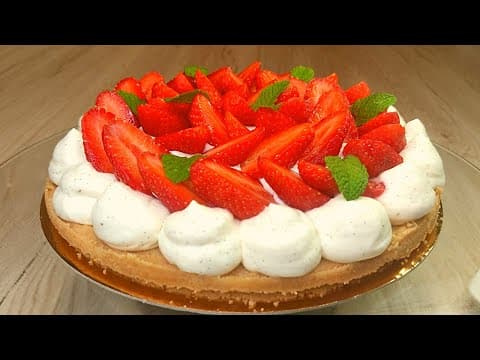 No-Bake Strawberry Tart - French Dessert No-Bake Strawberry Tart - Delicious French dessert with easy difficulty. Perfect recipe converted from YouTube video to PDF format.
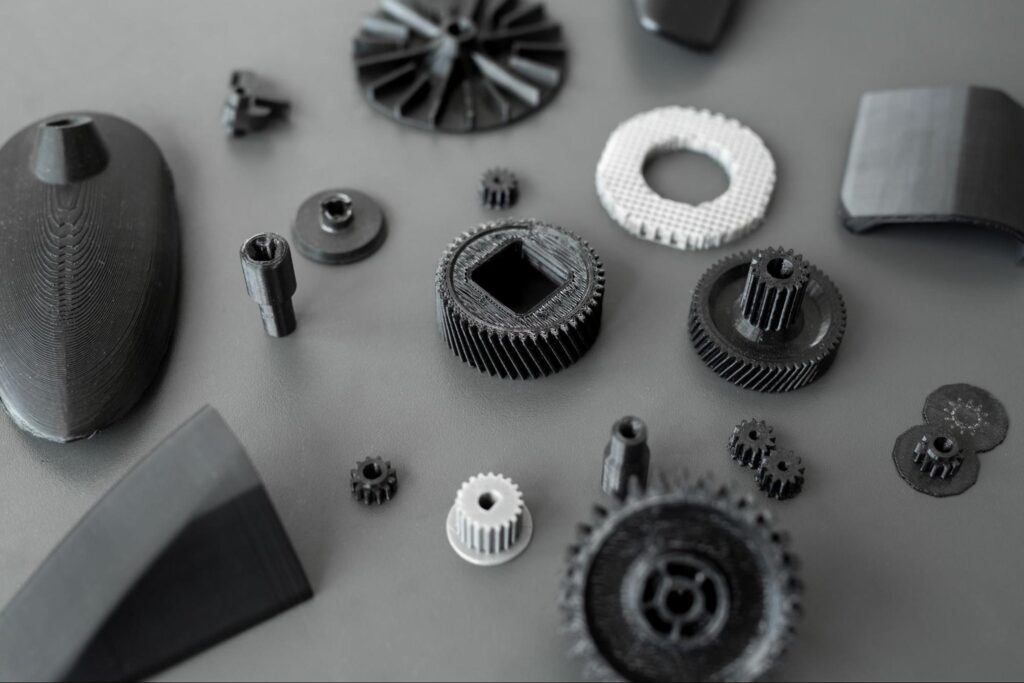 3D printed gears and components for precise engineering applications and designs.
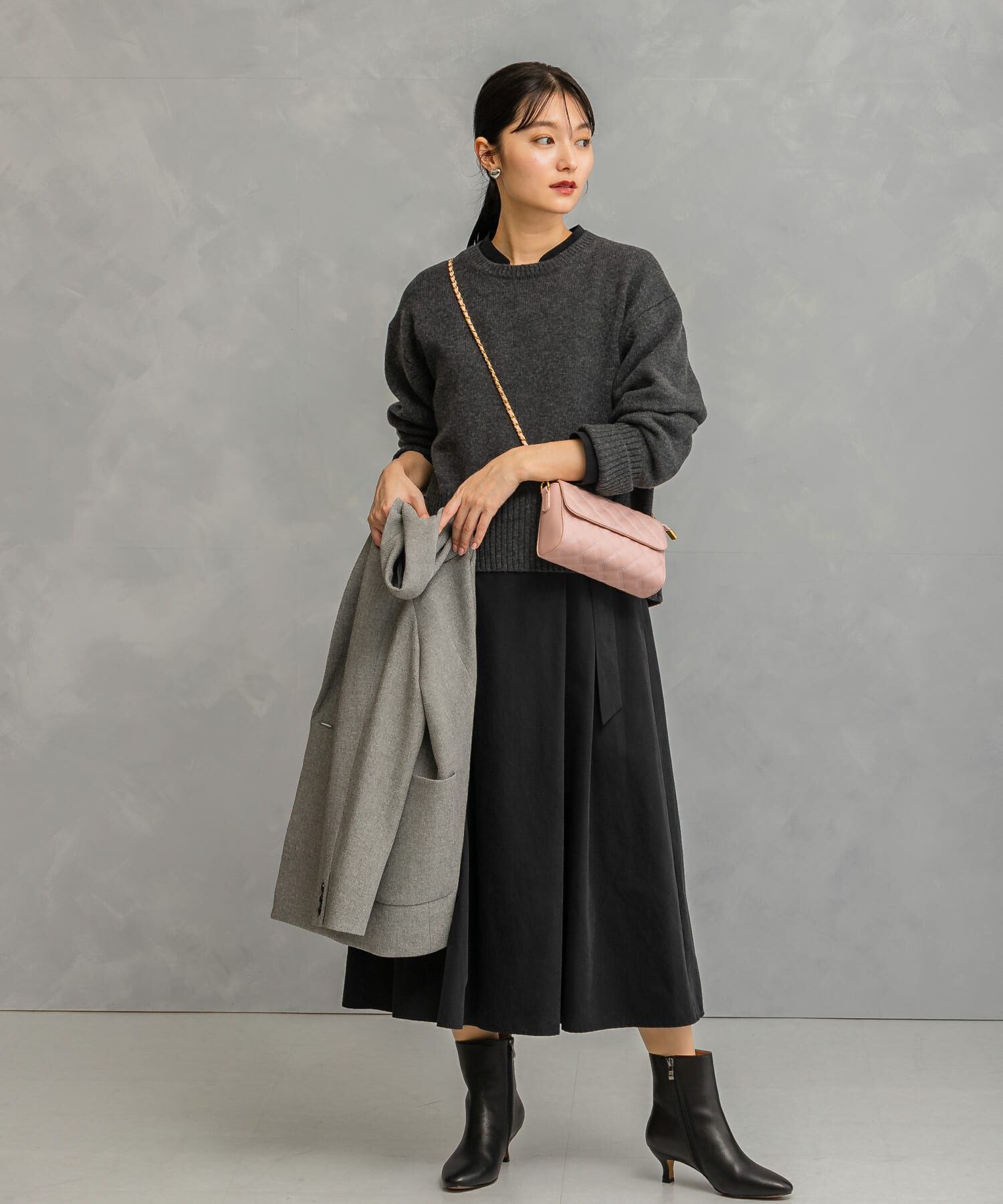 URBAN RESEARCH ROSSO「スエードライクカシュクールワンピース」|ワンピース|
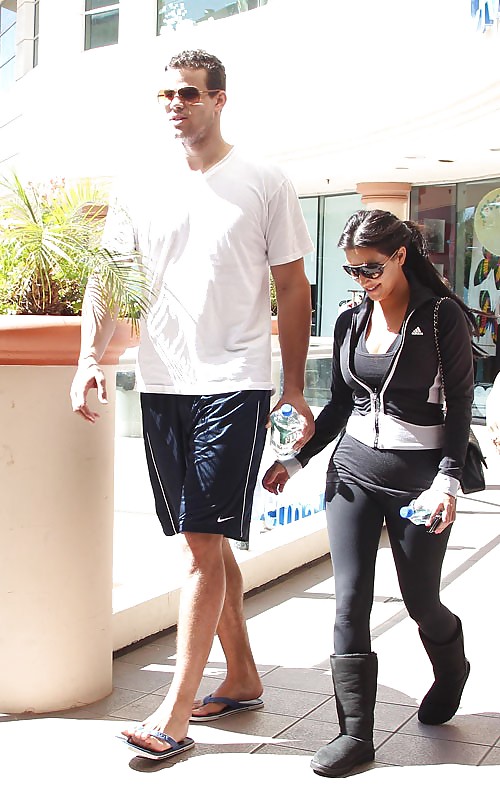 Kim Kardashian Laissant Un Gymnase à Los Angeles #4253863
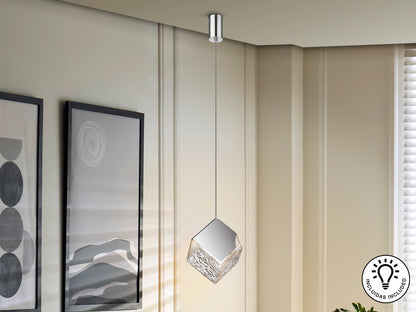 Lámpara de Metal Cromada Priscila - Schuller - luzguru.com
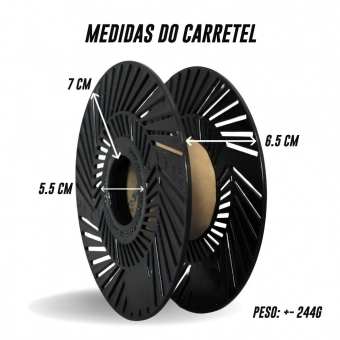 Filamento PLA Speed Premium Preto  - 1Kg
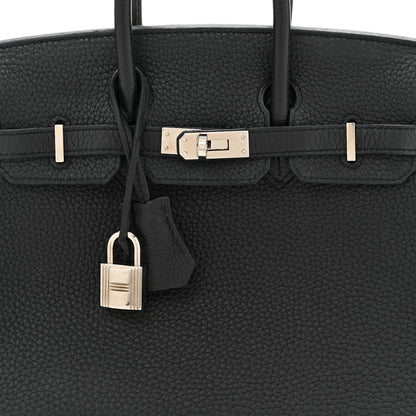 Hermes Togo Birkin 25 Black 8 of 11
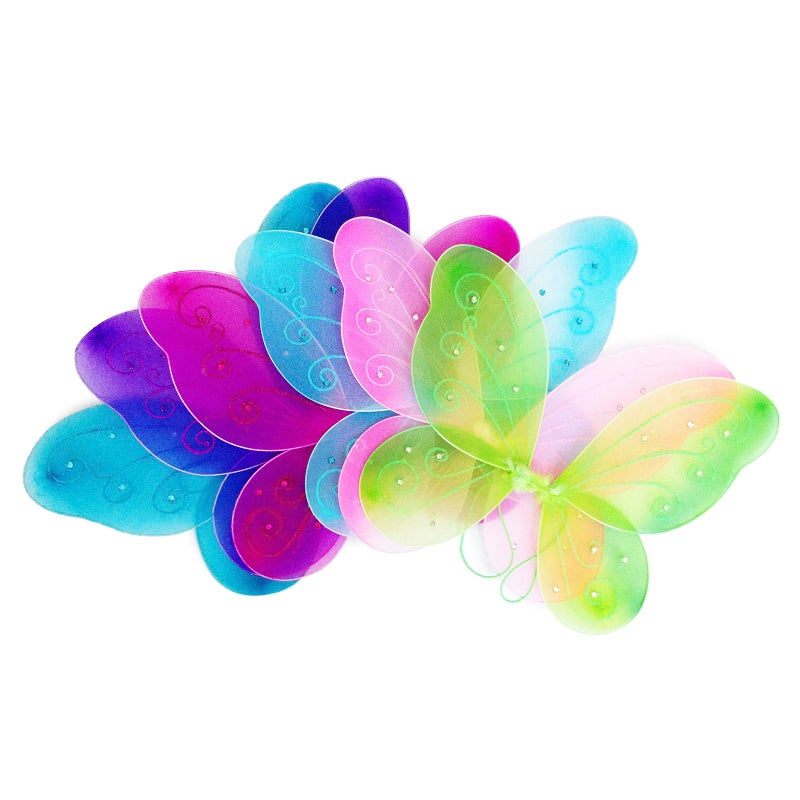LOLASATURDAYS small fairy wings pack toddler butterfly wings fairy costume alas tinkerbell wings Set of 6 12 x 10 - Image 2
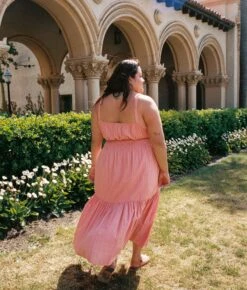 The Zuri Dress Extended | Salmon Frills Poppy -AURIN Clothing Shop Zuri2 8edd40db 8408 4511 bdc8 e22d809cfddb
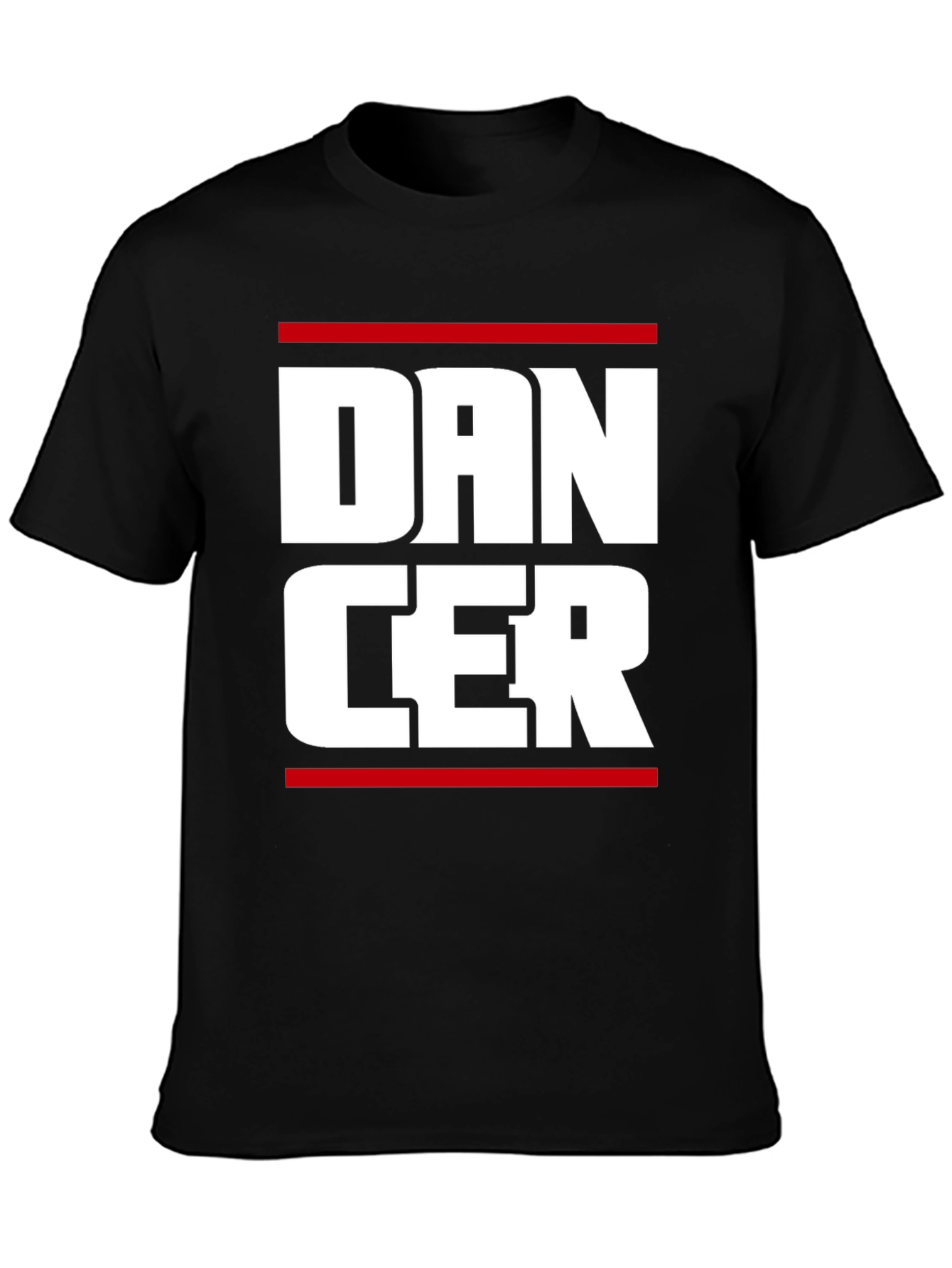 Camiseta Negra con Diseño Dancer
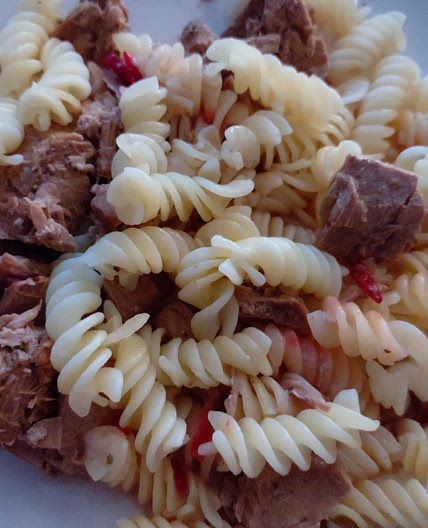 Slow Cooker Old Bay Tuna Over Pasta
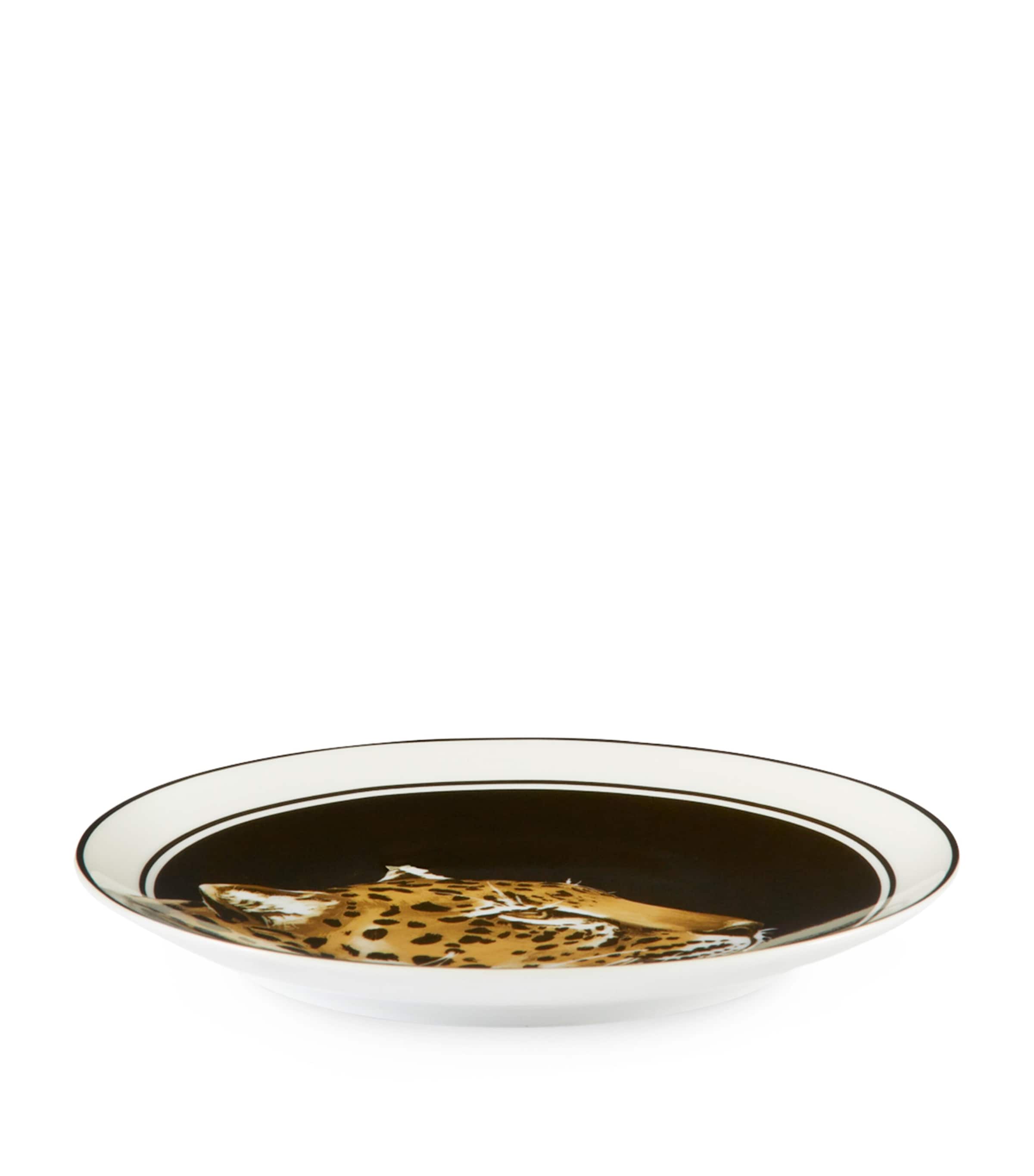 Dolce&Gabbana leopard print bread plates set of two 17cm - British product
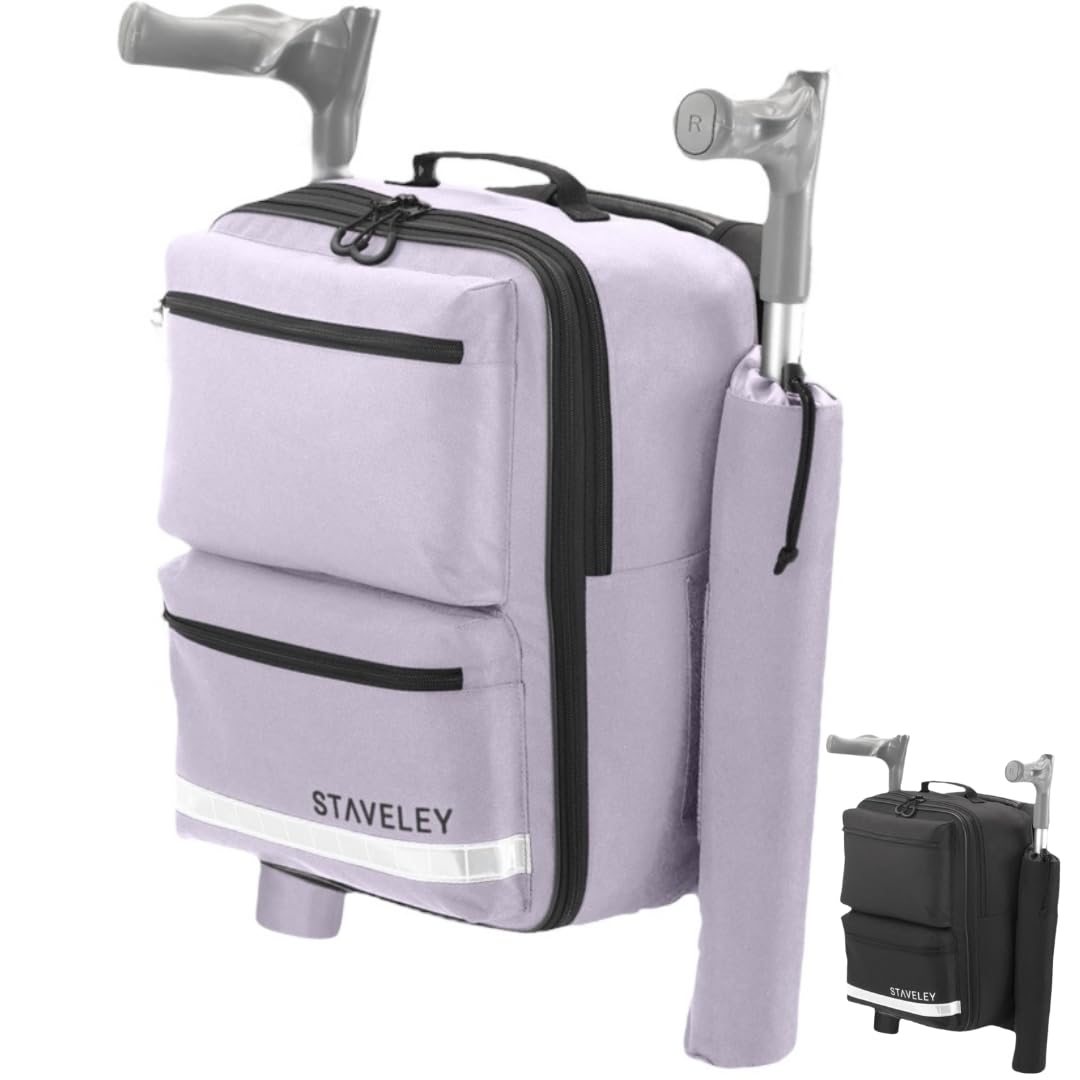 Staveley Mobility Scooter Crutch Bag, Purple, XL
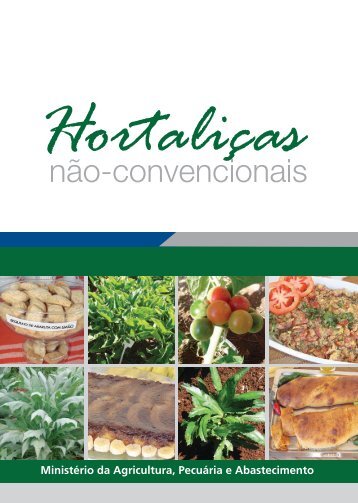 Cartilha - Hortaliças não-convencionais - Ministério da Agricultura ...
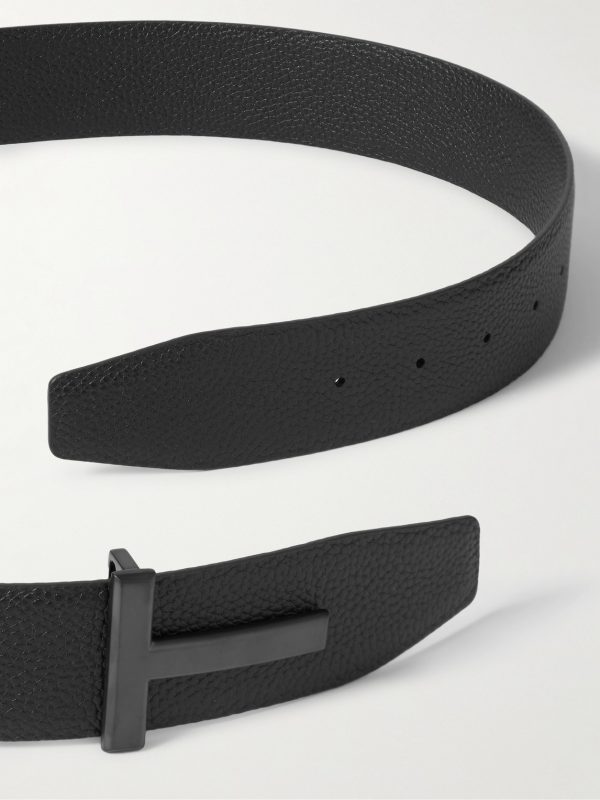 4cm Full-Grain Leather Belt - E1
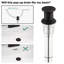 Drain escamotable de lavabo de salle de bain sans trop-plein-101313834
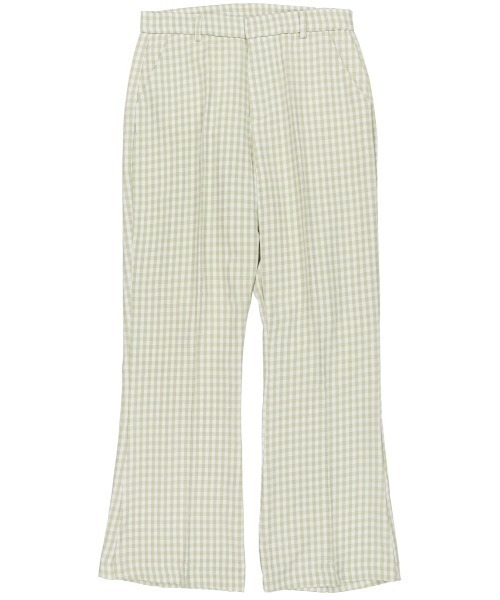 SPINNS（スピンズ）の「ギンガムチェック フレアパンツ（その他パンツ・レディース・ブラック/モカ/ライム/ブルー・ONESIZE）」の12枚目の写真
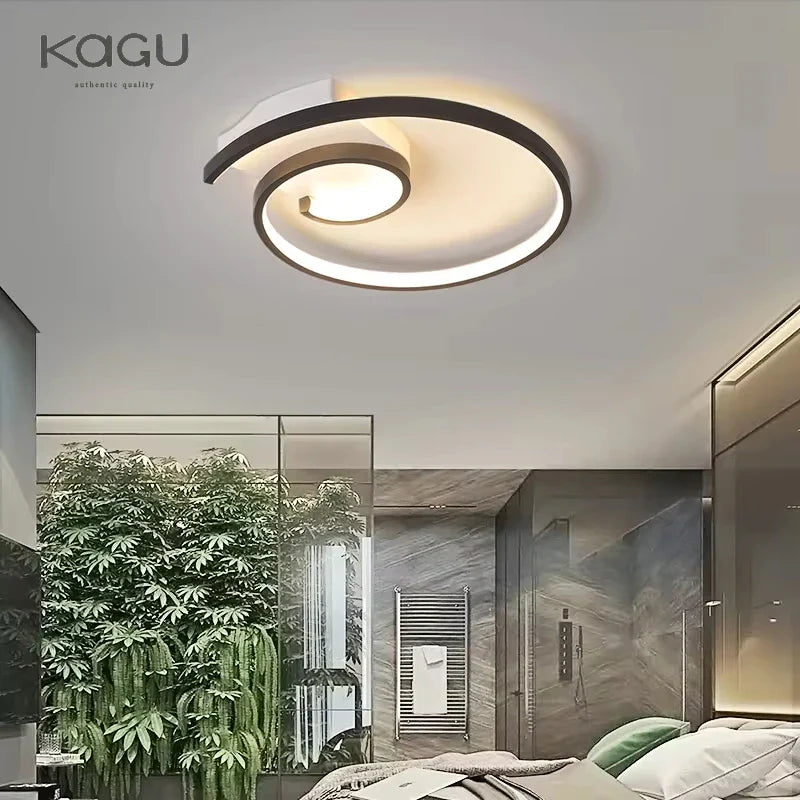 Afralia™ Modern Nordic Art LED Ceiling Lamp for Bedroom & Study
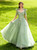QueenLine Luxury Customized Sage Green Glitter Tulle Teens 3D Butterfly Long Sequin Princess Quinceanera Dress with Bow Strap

┄┄┄┄┄┄┄┄┄┄

— Aim of the exercise —
I need the lines from the line containing "Staveley Mobility Scooter" through the final line of the listing duplicated exactly, both ends included, with no pictures and nothing else.

— Solved problem —
 Staveley Mobility Scooter Crutch Bag, Purple, XL
 Cartilha - Hortaliças não-convencionais - Ministério da Agricultura ...
 4cm Full-Grain Leather Belt - E1
 Drain escamotable de lavabo de salle de bain sans trop-plein-101313834
 SPINNS（スピンズ）の「ギンガムチェック フレアパンツ（その他パンツ・レディース・ブラック/モカ/ライム/ブルー・ONESIZE）」の12枚目の写真
 Afralia™ Modern Nordic Art LED Ceiling Lamp for Bedroom & Study
QueenLine Luxury Customized Sage Green Glitter Tulle Teens 3D Butterfly Long Sequin Princess Quinceanera Dress with Bow Strap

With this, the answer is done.